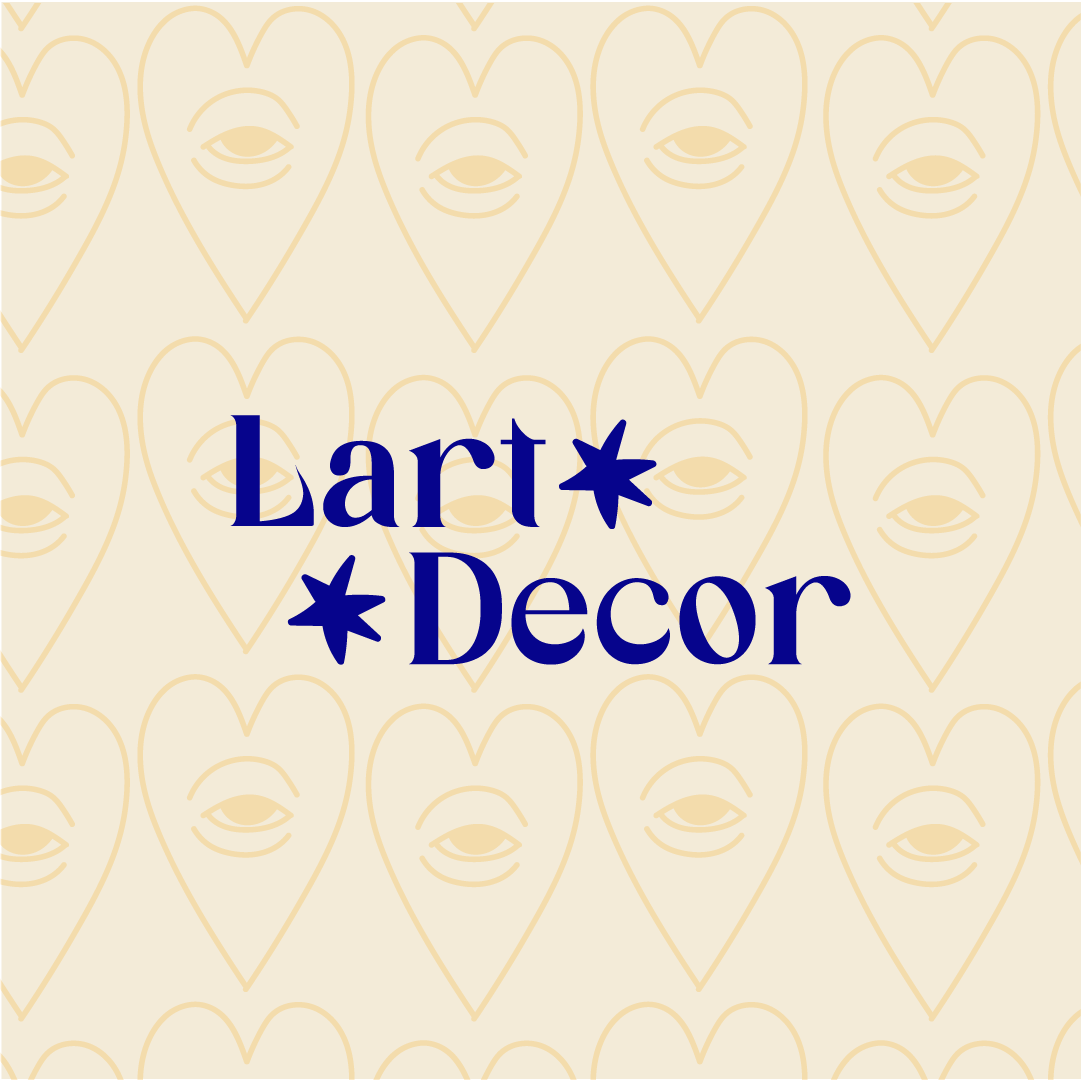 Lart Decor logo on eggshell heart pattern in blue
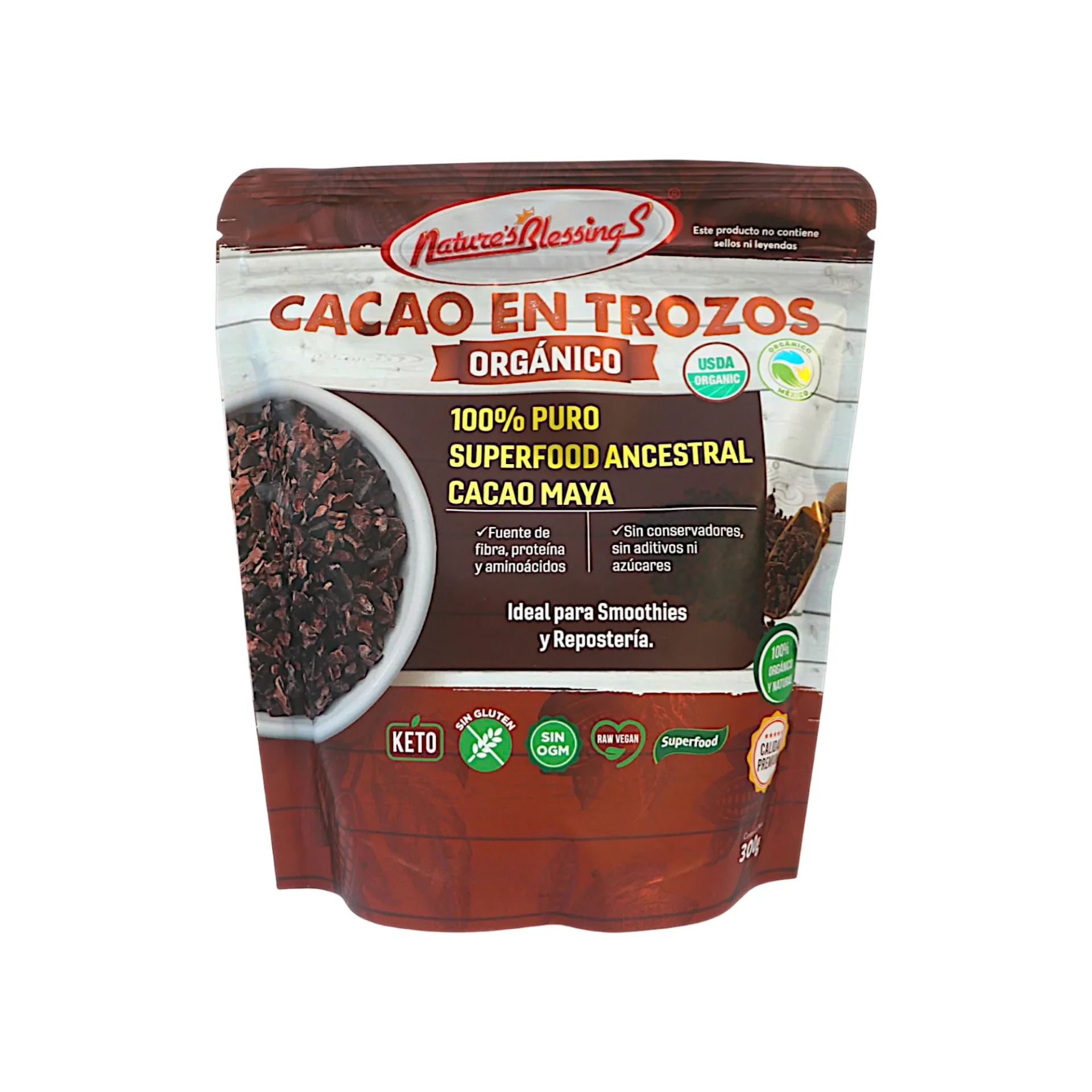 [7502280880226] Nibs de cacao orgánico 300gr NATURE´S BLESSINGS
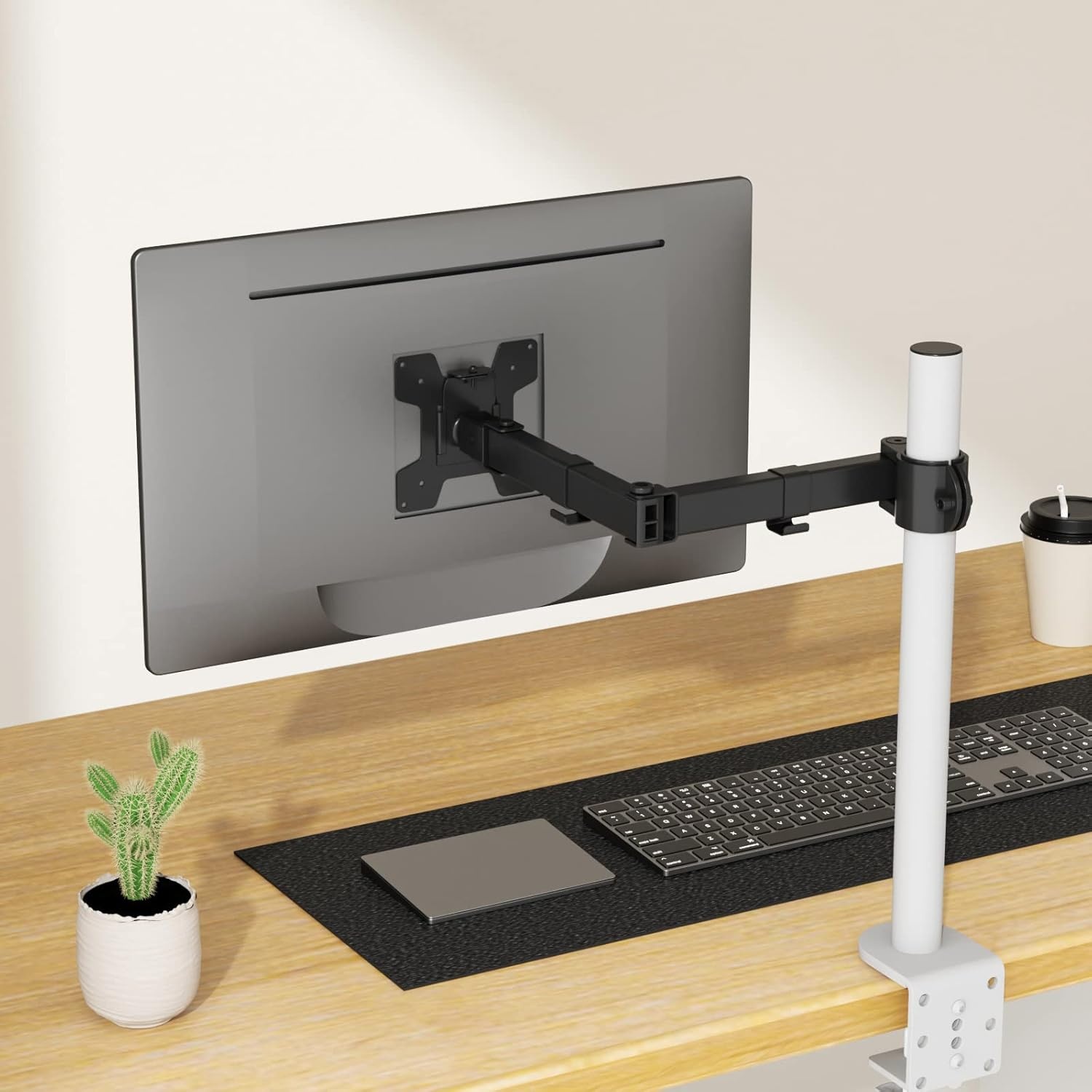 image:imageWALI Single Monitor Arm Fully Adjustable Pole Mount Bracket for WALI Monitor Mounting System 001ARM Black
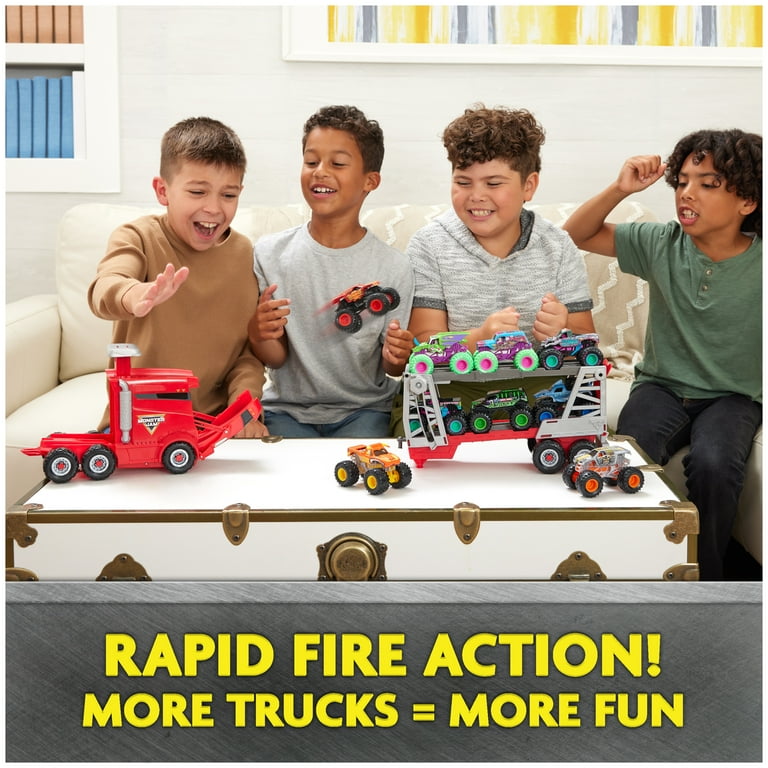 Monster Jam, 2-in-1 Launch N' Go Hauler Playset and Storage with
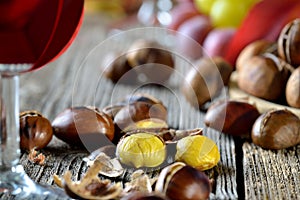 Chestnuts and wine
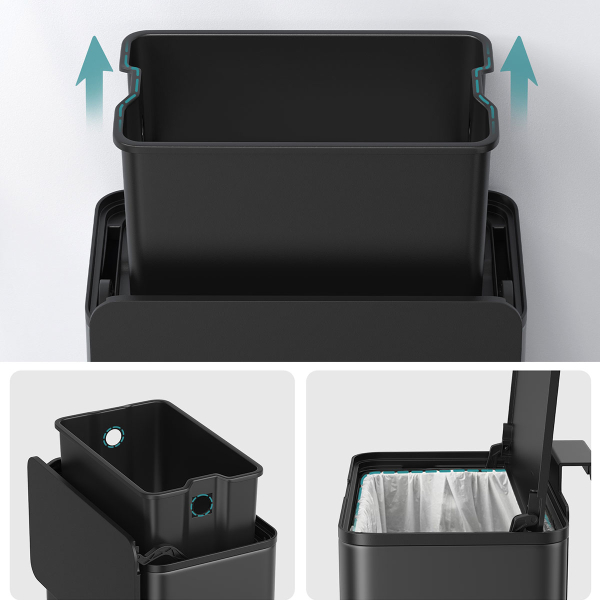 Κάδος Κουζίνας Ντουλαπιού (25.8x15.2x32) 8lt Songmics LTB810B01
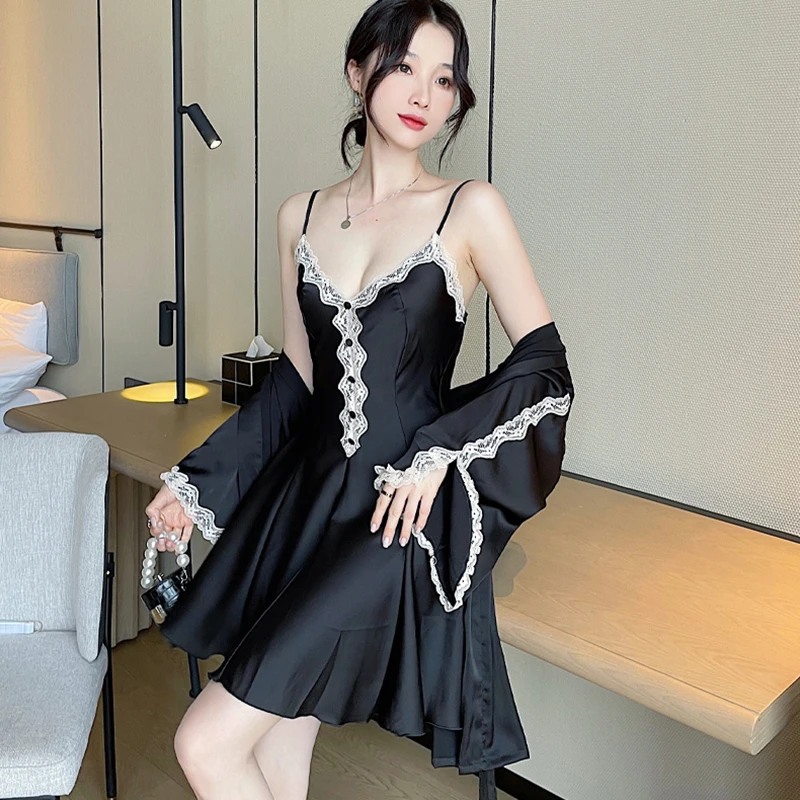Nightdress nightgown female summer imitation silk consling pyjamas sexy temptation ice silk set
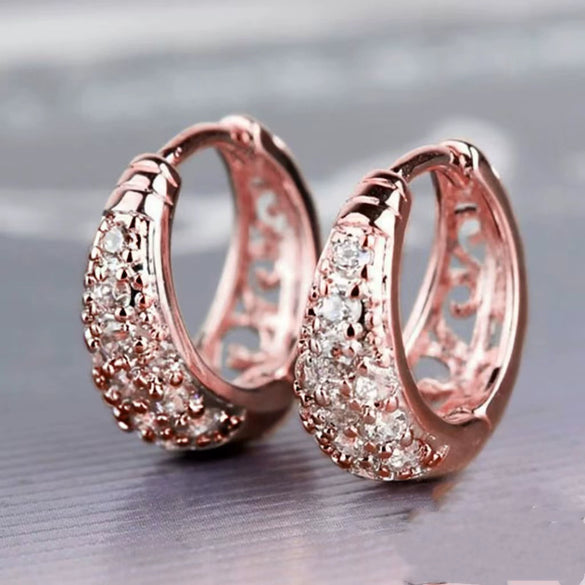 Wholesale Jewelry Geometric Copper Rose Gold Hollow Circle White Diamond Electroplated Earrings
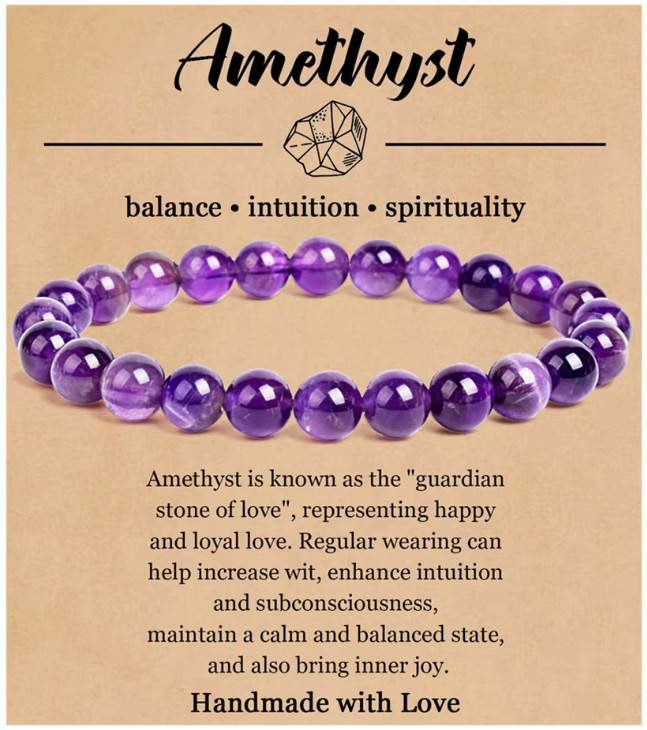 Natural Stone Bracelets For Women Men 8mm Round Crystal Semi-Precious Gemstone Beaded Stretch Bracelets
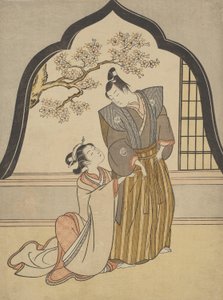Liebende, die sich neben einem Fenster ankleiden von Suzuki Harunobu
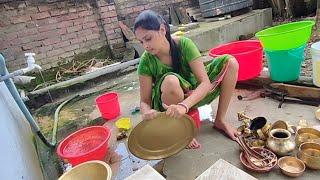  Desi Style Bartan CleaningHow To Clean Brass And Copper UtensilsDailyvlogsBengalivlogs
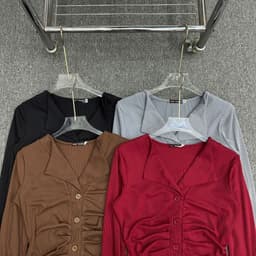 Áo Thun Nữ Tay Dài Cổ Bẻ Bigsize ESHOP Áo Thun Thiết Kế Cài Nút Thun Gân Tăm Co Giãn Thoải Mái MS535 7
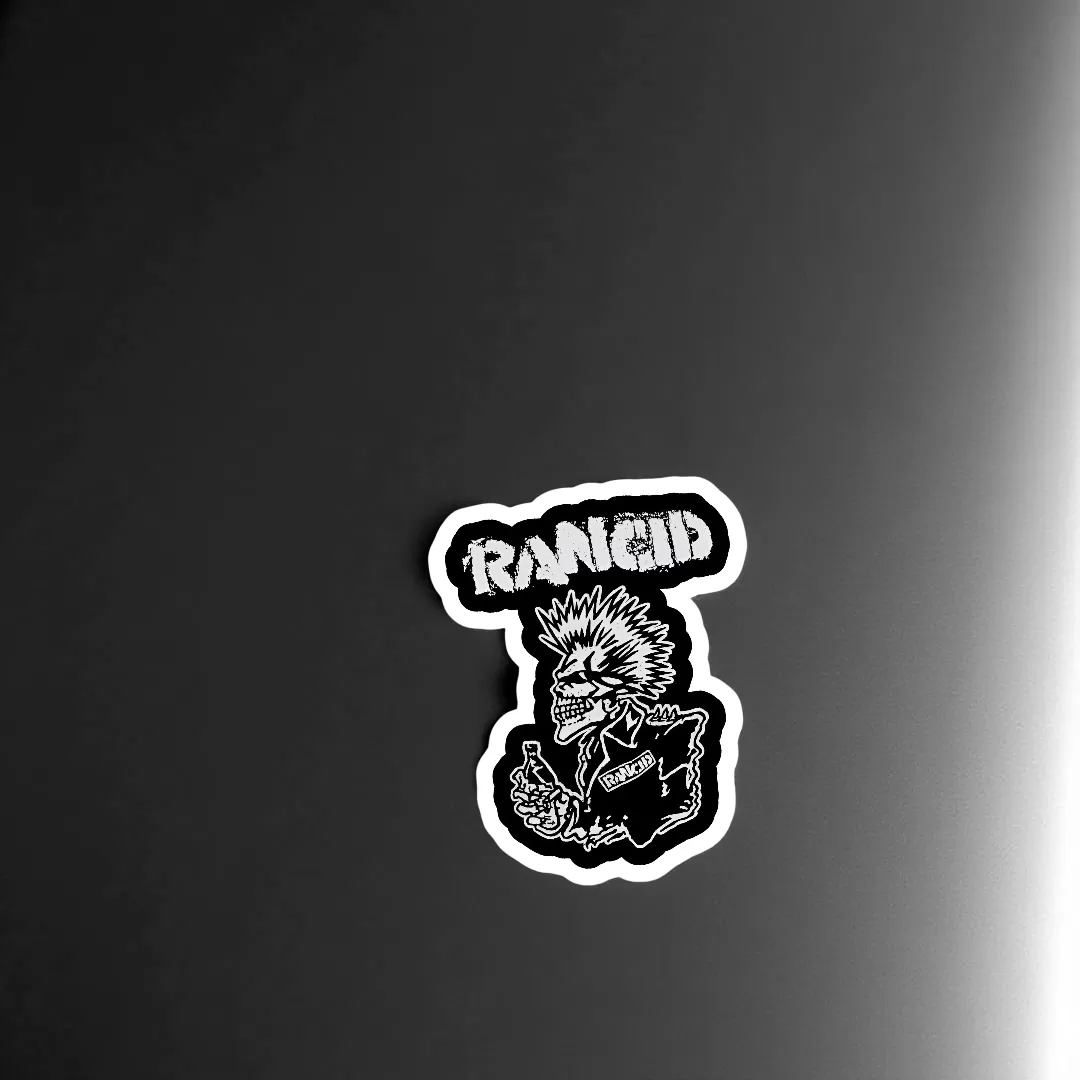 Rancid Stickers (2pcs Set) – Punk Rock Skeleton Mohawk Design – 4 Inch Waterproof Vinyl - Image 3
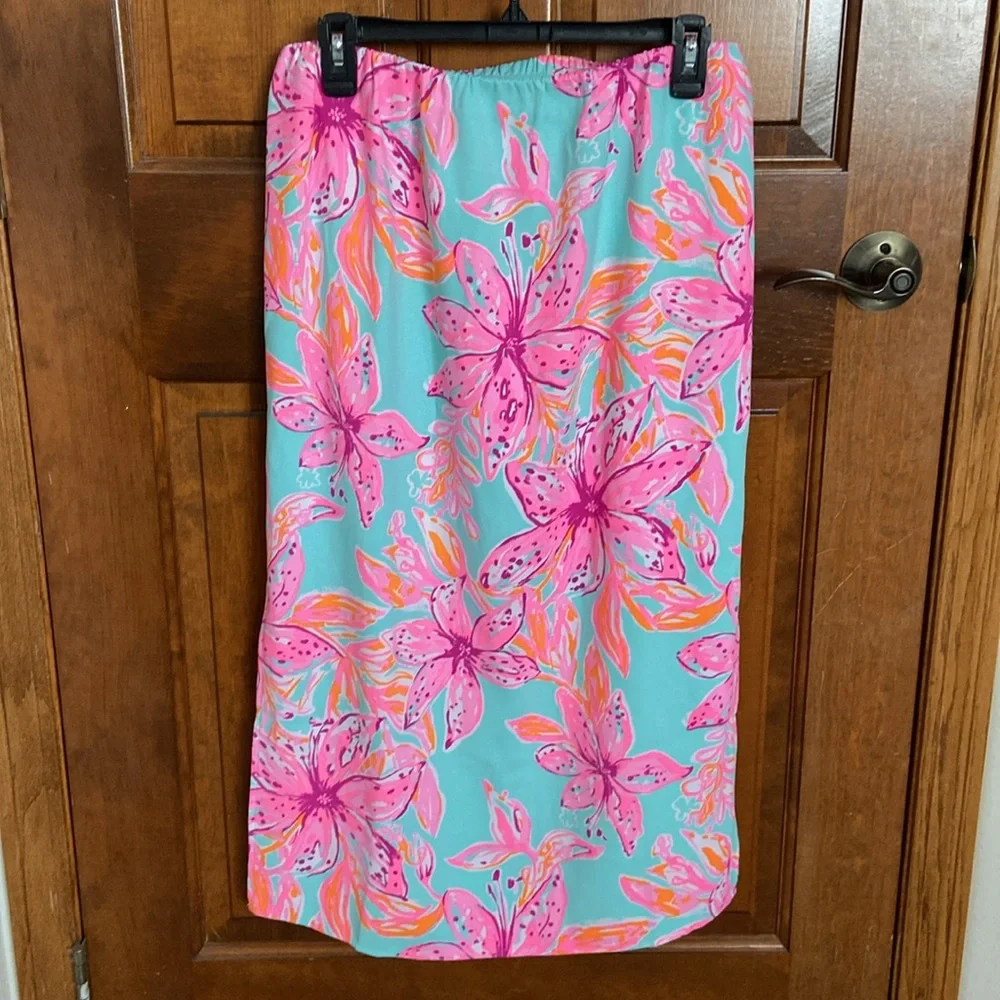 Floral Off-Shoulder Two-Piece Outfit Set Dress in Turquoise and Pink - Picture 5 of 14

### YOUR INSTRUCTIONS
From the records above, copy exactly the lines starting at the one with "Chestnuts and wine" and ending at the one with "Wholesale Jewelry Geometric", and no others. Pictures stay out.

### EXERCISE ANSWER
 Chestnuts and wine
 Κάδος Κουζίνας Ντουλαπιού (25.8x15.2x32) 8lt Songmics LTB810B01
Nightdress nightgown female summer imitation silk consling pyjamas sexy temptation ice silk set
 Wholesale Jewelry Geometric Copper Rose Gold Hollow Circle White Diamond Electroplated Earrings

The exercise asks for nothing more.